The mundane situation dizzied Mrs. Neumann. She suddenly felt faint, and nearly fell off the cot.

“Don’t do that.” Marge’s voice was sharp, as though she were admonishing a two-year-old. “Sit right up.”

“Where am I?”

“You’re not supposed to know that,” Marge said. “Now, Lydia, I want to talk to you. Everyone in the Section is in an uproar with your disappearance. They brought in a team this morning from National Security Agency to check through Tinkertoy and see what you were working on. So why don’t you tell me and we can erase the evidence and everything will be hunky-dory.”

Lydia Neumann stared at the all-American-girl face, at the soft brown hair carefully feathered at the edges of the face, at the soft brown eyes.

“Who are you?” she said again in a cracked voice. She felt dry, she felt tired, she felt confused by the sudden stab of light behind Marge’s figure in the entry of the tent.

“You know me.”

“You. Terrorists? KGB? Who are you?”

“Why do you want to know?”

“Because I want to know,” she said, childishly. Everything in the conversation was surreal.

“We work for a cause,” she said.

“A cause? What cause?”

“Peace.”

“Goddamn you,” Mrs. Neumann said.

“Now, don’t get upset. Would you like some water and food? Better yet, how about a cup of coffee? We only have instant, Bill doesn’t drink coffee that much—”

“We’re in your home? Your home?”

Marge bit her lip and looked annoyed. “That was stupid of me, wasn’t it? I’m just not very good at these one-on-one things, but Bill said I should try you first, in case it would work out. Before we had to…well, let’s not talk about that. I want to talk to you about what you found out. I mean, why were you working so late that night? And when you called your husband—”

“You tapped my phone,” she said. Her voice had grown stronger but now it was weak again, as though she had met too many defeats in too short a time. “How long did you tap my phone?”

“From the beginning,” Marge said.

“You had clearances, the highest security approvals.”

“Well, that just goes to show you,” Marge said.

“How long have you been working for them?”

“For who? You mean for peace? All my life, Lydia. You have to understand that, that I’m really committed. This isn’t just a crush, you know. Can I make that coffee for you? You like cream, right? We have that nondairy, but it’s just as good. If you don’t mind instant. Or would you like tea? I’ve got some ginseng tea and some Lipton. Bill drinks the Lipton, he doesn’t like coffee that much.”

“I want to get out of here. I want to go the bathroom,” Mrs. Neumann said.

“No, dear. That Porta-Potty is going to have to serve for a while, I’m afraid.”

“This is humiliating. How could you do this to me?”

“Really, Lydia, it’s not as though anyone has hurt you.
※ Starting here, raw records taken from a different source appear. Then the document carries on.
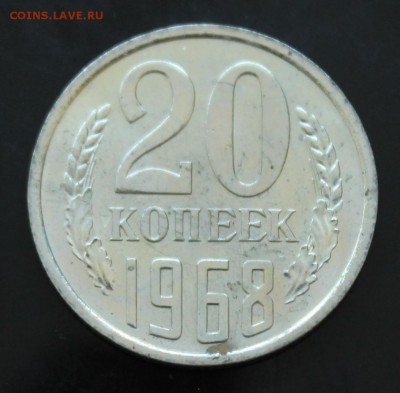 20 копеек 1968г наборные до 21.09 - IMG_5533.JPG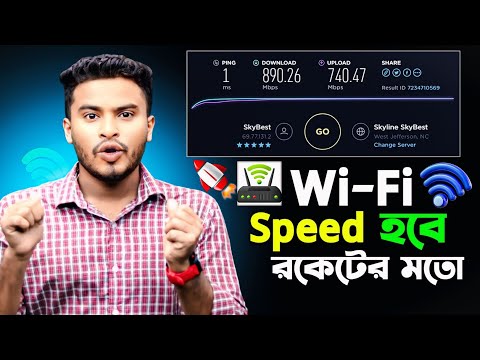 Wifi Speed বাড়ানোর উপায় | How To Wifi Speed Fast In Mobile | ওয়াইফাই স্পিড বাড়ানোর উপায়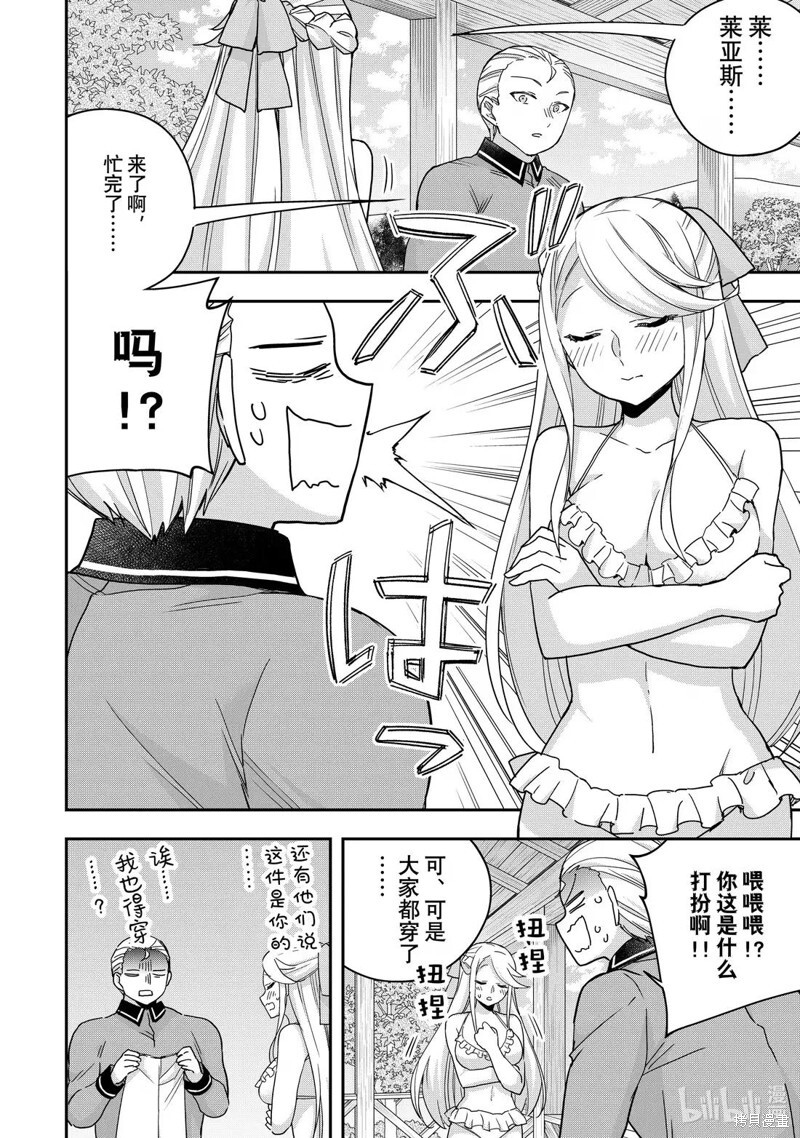 番外62 第2页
We put you in a tent by yourself and give you a toilet, and I even put some Mantovani on the stereo for you, I thought it would be relaxing.” Her voice took on a tone of annoyance. “We really don’t have that much time, Lydia, I’m sure you can understand—”

“Go to hell.”

“What?”

“Go to hell, all of you.” Quietly.

“Lydia, I really hate that kind of language.”

“Go to hell.”

Suddenly, a male voice came from somewhere beyond the walls of the tent.
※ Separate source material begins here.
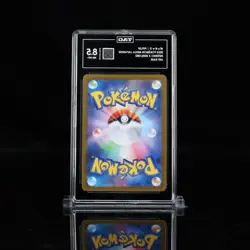 TAG 8.5 Piplup Art Rare 085/080 Inferno X M2 Pokemon Card Japanese - Image 4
“Honey? Is she talking to you?”

“I just started, dear.”

“Well, we don’t have that much time, you know.”

“I know it, Bill.”

Mrs. Neumann listened as they ragged at each other, and again felt a dizzying sense of complete disorientation, as though she had stumbled into a movie comedy and was now on the screen, vying with two-dimensional figures in a plot she did not understand.

“Let me talk to her,” Bill said, and he came around the tent opening. For a moment, both of them were in the opening, half leaning over to speak to her. She felt ridiculous, chained to the cot, talking to two suburbanites who had made the matter of terror mundane.